The Return of Structural Inflation?
Why the market underestimates the emergence of a structurally different inflation regime
Amid the relative calm, I have been having a rare feeling of unease and excitement as I think about Tuesday’s US inflation print. While markets might be locked in on the AI story and keeping an eye on news from the Middle East, inflation might suddenly become more relevant than usual.
What if AI’s acronym should really read “Accelerating Inflation”?
Markets have moved on from inflation. The narrative is settled: the wave is behind us, the grind back to 2% is a matter of patience, and the next interesting story is somewhere between AI capex and the next Fed cut.
I’m not so sure.
The more I look at the data ahead of Tuesday’s CPI print, the less it resembles a normal late-cycle disinflation and the more it looks like the early shape of a structurally different regime.
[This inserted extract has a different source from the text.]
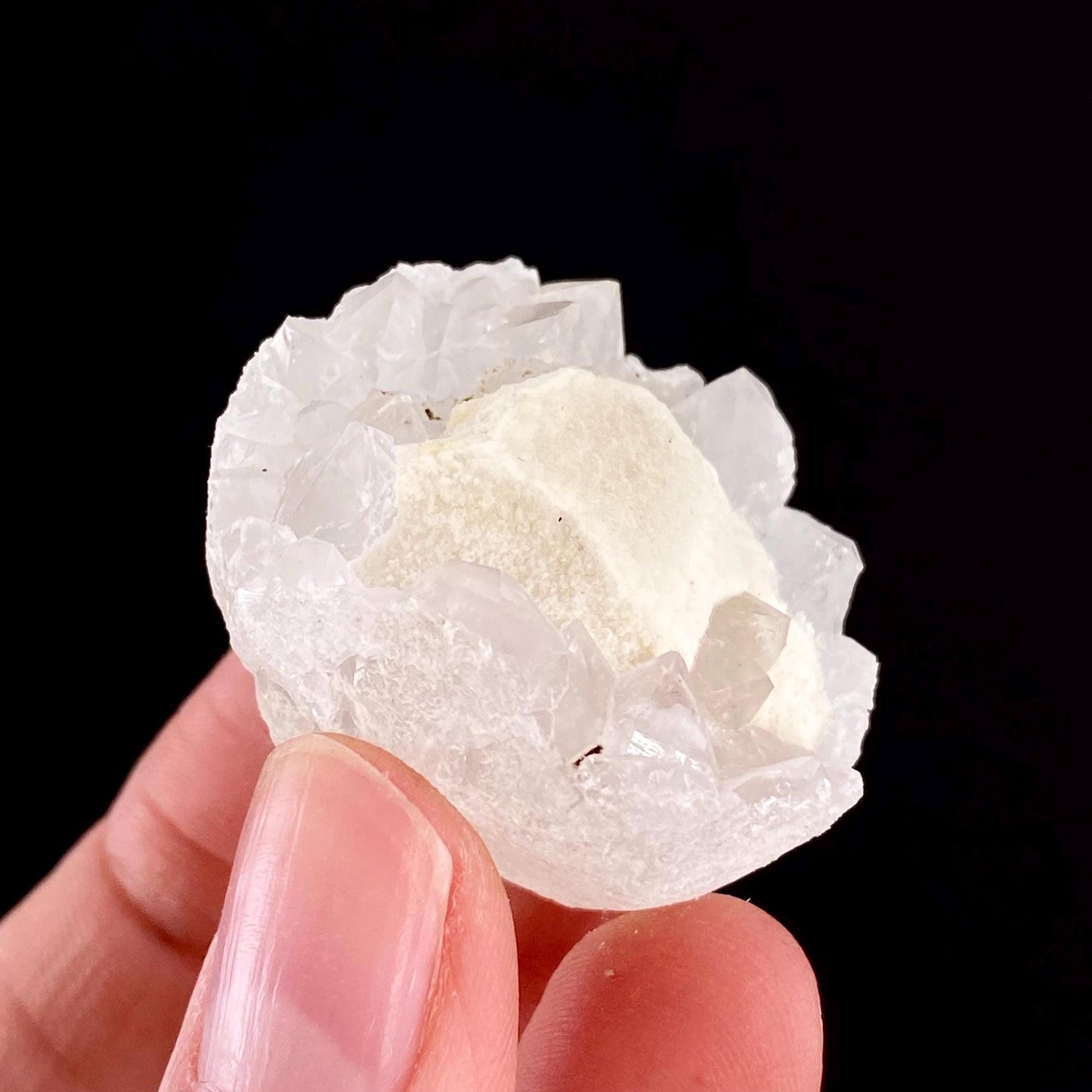 Botryoidal Fluorite on Quartz (India) | fried egg crystal, egg fluorite, fluorite crystal, mineral specimen, yellow fluorite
Not a 1970s replay — history doesn’t repeat that neatly — but something with echoes. Energy that ratchets rather than mean-reverts. Tariffs that the market thinks are “done” while the Fed’s own research says full pass-through is still in progress. Shelter is doing all the disinflation work while everything else quietly plateaued. A price level that never came back to trend, and a market still positioning as if it will.
What follows is the framework I’m using to think about this, the charts that convinced me, and — for paid subscribers — how I’m translating it into portfolio positioning ahead of what may be a more important inflation print than the consensus believes.
Let’s dive straight in.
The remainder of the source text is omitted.